● **THE PROBLEM**
Give back each line below verbatim.

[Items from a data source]
%%

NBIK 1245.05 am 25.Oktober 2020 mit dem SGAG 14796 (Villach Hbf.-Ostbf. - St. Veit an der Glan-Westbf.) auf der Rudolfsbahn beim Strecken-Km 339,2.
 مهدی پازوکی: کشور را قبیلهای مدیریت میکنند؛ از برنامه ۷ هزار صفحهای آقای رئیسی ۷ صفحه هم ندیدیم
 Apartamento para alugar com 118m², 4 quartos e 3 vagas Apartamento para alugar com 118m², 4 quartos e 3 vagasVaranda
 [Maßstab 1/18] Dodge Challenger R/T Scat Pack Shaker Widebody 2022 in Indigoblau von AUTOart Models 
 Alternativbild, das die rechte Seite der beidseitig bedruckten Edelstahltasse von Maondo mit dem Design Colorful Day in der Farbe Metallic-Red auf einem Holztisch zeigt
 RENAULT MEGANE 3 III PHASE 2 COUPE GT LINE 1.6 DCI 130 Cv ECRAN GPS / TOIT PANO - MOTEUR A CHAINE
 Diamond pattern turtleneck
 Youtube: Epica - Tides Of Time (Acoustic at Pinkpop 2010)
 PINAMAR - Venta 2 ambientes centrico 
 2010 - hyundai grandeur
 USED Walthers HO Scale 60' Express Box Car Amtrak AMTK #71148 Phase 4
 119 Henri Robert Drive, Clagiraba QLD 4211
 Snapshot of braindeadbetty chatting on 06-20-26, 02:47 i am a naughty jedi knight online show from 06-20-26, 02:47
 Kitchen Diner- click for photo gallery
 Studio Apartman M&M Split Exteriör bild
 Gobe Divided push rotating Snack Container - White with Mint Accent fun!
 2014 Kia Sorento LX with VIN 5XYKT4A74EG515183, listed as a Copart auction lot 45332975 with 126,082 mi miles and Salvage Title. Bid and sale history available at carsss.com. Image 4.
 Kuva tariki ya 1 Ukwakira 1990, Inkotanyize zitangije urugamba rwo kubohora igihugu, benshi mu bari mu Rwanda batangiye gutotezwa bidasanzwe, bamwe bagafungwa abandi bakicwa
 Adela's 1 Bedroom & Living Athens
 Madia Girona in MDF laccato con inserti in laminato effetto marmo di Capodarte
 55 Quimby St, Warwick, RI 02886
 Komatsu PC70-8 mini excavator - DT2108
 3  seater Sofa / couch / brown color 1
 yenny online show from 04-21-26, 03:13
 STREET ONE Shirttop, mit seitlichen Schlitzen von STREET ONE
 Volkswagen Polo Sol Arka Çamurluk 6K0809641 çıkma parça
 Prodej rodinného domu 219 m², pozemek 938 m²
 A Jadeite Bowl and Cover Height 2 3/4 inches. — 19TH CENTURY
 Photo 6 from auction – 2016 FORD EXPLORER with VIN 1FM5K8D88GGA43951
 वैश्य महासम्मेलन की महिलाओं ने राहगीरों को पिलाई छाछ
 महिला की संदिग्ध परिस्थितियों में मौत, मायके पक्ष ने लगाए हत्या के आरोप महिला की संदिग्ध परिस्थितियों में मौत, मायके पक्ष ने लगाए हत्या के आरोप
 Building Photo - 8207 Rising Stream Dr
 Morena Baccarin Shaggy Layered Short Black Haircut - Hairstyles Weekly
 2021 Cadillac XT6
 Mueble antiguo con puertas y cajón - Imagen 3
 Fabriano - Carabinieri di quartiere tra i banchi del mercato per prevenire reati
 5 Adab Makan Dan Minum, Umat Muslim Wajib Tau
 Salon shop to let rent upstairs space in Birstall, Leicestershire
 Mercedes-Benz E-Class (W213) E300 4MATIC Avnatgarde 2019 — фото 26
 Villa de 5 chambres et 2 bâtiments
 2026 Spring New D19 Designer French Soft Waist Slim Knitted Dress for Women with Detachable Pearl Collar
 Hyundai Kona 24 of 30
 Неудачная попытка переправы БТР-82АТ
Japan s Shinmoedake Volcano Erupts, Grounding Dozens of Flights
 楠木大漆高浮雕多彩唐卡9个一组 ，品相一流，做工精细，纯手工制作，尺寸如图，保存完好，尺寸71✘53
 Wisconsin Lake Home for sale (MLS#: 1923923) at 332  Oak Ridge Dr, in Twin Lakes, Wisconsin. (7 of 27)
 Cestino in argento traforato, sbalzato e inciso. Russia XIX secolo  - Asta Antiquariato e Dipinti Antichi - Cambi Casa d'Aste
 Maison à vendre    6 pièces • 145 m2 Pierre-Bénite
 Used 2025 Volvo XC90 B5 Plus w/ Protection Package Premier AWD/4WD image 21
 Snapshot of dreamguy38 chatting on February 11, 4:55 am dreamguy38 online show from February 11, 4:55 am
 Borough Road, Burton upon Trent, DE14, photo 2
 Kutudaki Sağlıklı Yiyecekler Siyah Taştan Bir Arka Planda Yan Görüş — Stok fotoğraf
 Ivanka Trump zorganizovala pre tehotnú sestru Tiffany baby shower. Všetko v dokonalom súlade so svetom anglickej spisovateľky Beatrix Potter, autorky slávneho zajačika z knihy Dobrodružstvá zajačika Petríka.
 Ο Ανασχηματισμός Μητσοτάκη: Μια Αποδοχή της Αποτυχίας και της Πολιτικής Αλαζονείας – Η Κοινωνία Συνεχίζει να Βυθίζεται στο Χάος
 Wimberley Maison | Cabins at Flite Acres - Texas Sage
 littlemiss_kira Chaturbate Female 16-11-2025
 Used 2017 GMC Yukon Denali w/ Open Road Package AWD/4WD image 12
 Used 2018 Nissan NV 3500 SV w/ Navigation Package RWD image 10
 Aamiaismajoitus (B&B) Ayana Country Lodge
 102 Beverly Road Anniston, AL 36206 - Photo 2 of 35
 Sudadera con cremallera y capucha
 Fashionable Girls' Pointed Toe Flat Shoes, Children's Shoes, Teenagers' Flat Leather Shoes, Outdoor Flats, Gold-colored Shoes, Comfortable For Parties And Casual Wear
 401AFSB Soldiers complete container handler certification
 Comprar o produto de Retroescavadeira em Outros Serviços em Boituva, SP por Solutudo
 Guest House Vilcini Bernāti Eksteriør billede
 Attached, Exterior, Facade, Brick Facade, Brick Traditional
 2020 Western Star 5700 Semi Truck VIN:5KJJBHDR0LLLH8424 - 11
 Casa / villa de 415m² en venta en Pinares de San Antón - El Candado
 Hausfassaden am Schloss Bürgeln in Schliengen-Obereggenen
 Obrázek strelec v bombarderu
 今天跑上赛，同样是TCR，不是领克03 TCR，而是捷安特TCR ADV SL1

%%

● **ANSWER**
NBIK 1245.05 am 25.Oktober 2020 mit dem SGAG 14796 (Villach Hbf.-Ostbf. - St. Veit an der Glan-Westbf.) auf der Rudolfsbahn beim Strecken-Km 339,2.
 مهدی پازوکی: کشور را قبیلهای مدیریت میکنند؛ از برنامه ۷ هزار صفحهای آقای رئیسی ۷ صفحه هم ندیدیم
 Apartamento para alugar com 118m², 4 quartos e 3 vagas Apartamento para alugar com 118m², 4 quartos e 3 vagasVaranda
 [Maßstab 1/18] Dodge Challenger R/T Scat Pack Shaker Widebody 2022 in Indigoblau von AUTOart Models 
 Alternativbild, das die rechte Seite der beidseitig bedruckten Edelstahltasse von Maondo mit dem Design Colorful Day in der Farbe Metallic-Red auf einem Holztisch zeigt
 RENAULT MEGANE 3 III PHASE 2 COUPE GT LINE 1.6 DCI 130 Cv ECRAN GPS / TOIT PANO - MOTEUR A CHAINE
 Diamond pattern turtleneck
 Youtube: Epica - Tides Of Time (Acoustic at Pinkpop 2010)
 PINAMAR - Venta 2 ambientes centrico 
 2010 - hyundai grandeur
 USED Walthers HO Scale 60' Express Box Car Amtrak AMTK #71148 Phase 4
 119 Henri Robert Drive, Clagiraba QLD 4211
 Snapshot of braindeadbetty chatting on 06-20-26, 02:47 i am a naughty jedi knight online show from 06-20-26, 02:47
 Kitchen Diner- click for photo gallery
 Studio Apartman M&M Split Exteriör bild
 Gobe Divided push rotating Snack Container - White with Mint Accent fun!
 2014 Kia Sorento LX with VIN 5XYKT4A74EG515183, listed as a Copart auction lot 45332975 with 126,082 mi miles and Salvage Title. Bid and sale history available at carsss.com. Image 4.
 Kuva tariki ya 1 Ukwakira 1990, Inkotanyize zitangije urugamba rwo kubohora igihugu, benshi mu bari mu Rwanda batangiye gutotezwa bidasanzwe, bamwe bagafungwa abandi bakicwa
 Adela's 1 Bedroom & Living Athens
 Madia Girona in MDF laccato con inserti in laminato effetto marmo di Capodarte
 55 Quimby St, Warwick, RI 02886
 Komatsu PC70-8 mini excavator - DT2108
 3  seater Sofa / couch / brown color 1
 yenny online show from 04-21-26, 03:13
 STREET ONE Shirttop, mit seitlichen Schlitzen von STREET ONE
 Volkswagen Polo Sol Arka Çamurluk 6K0809641 çıkma parça
 Prodej rodinného domu 219 m², pozemek 938 m²
 A Jadeite Bowl and Cover Height 2 3/4 inches. — 19TH CENTURY
 Photo 6 from auction – 2016 FORD EXPLORER with VIN 1FM5K8D88GGA43951
 वैश्य महासम्मेलन की महिलाओं ने राहगीरों को पिलाई छाछ
 महिला की संदिग्ध परिस्थितियों में मौत, मायके पक्ष ने लगाए हत्या के आरोप महिला की संदिग्ध परिस्थितियों में मौत, मायके पक्ष ने लगाए हत्या के आरोप
 Building Photo - 8207 Rising Stream Dr
 Morena Baccarin Shaggy Layered Short Black Haircut - Hairstyles Weekly
 2021 Cadillac XT6
 Mueble antiguo con puertas y cajón - Imagen 3
 Fabriano - Carabinieri di quartiere tra i banchi del mercato per prevenire reati
 5 Adab Makan Dan Minum, Umat Muslim Wajib Tau
 Salon shop to let rent upstairs space in Birstall, Leicestershire
 Mercedes-Benz E-Class (W213) E300 4MATIC Avnatgarde 2019 — фото 26
 Villa de 5 chambres et 2 bâtiments
 2026 Spring New D19 Designer French Soft Waist Slim Knitted Dress for Women with Detachable Pearl Collar
 Hyundai Kona 24 of 30
 Неудачная попытка переправы БТР-82АТ
Japan s Shinmoedake Volcano Erupts, Grounding Dozens of Flights
 楠木大漆高浮雕多彩唐卡9个一组 ，品相一流，做工精细，纯手工制作，尺寸如图，保存完好，尺寸71✘53
 Wisconsin Lake Home for sale (MLS#: 1923923) at 332  Oak Ridge Dr, in Twin Lakes, Wisconsin. (7 of 27)
 Cestino in argento traforato, sbalzato e inciso. Russia XIX secolo  - Asta Antiquariato e Dipinti Antichi - Cambi Casa d'Aste
 Maison à vendre    6 pièces • 145 m2 Pierre-Bénite
 Used 2025 Volvo XC90 B5 Plus w/ Protection Package Premier AWD/4WD image 21
 Snapshot of dreamguy38 chatting on February 11, 4:55 am dreamguy38 online show from February 11, 4:55 am
 Borough Road, Burton upon Trent, DE14, photo 2
 Kutudaki Sağlıklı Yiyecekler Siyah Taştan Bir Arka Planda Yan Görüş — Stok fotoğraf
 Ivanka Trump zorganizovala pre tehotnú sestru Tiffany baby shower. Všetko v dokonalom súlade so svetom anglickej spisovateľky Beatrix Potter, autorky slávneho zajačika z knihy Dobrodružstvá zajačika Petríka.
 Ο Ανασχηματισμός Μητσοτάκη: Μια Αποδοχή της Αποτυχίας και της Πολιτικής Αλαζονείας – Η Κοινωνία Συνεχίζει να Βυθίζεται στο Χάος
 Wimberley Maison | Cabins at Flite Acres - Texas Sage
 littlemiss_kira Chaturbate Female 16-11-2025
 Used 2017 GMC Yukon Denali w/ Open Road Package AWD/4WD image 12
 Used 2018 Nissan NV 3500 SV w/ Navigation Package RWD image 10
 Aamiaismajoitus (B&B) Ayana Country Lodge
 102 Beverly Road Anniston, AL 36206 - Photo 2 of 35
 Sudadera con cremallera y capucha
 Fashionable Girls' Pointed Toe Flat Shoes, Children's Shoes, Teenagers' Flat Leather Shoes, Outdoor Flats, Gold-colored Shoes, Comfortable For Parties And Casual Wear
 401AFSB Soldiers complete container handler certification
 Comprar o produto de Retroescavadeira em Outros Serviços em Boituva, SP por Solutudo
 Guest House Vilcini Bernāti Eksteriør billede
 Attached, Exterior, Facade, Brick Facade, Brick Traditional
 2020 Western Star 5700 Semi Truck VIN:5KJJBHDR0LLLH8424 - 11
 Casa / villa de 415m² en venta en Pinares de San Antón - El Candado
 Hausfassaden am Schloss Bürgeln in Schliengen-Obereggenen
 Obrázek strelec v bombarderu
 今天跑上赛，同样是TCR，不是领克03 TCR，而是捷安特TCR ADV SL1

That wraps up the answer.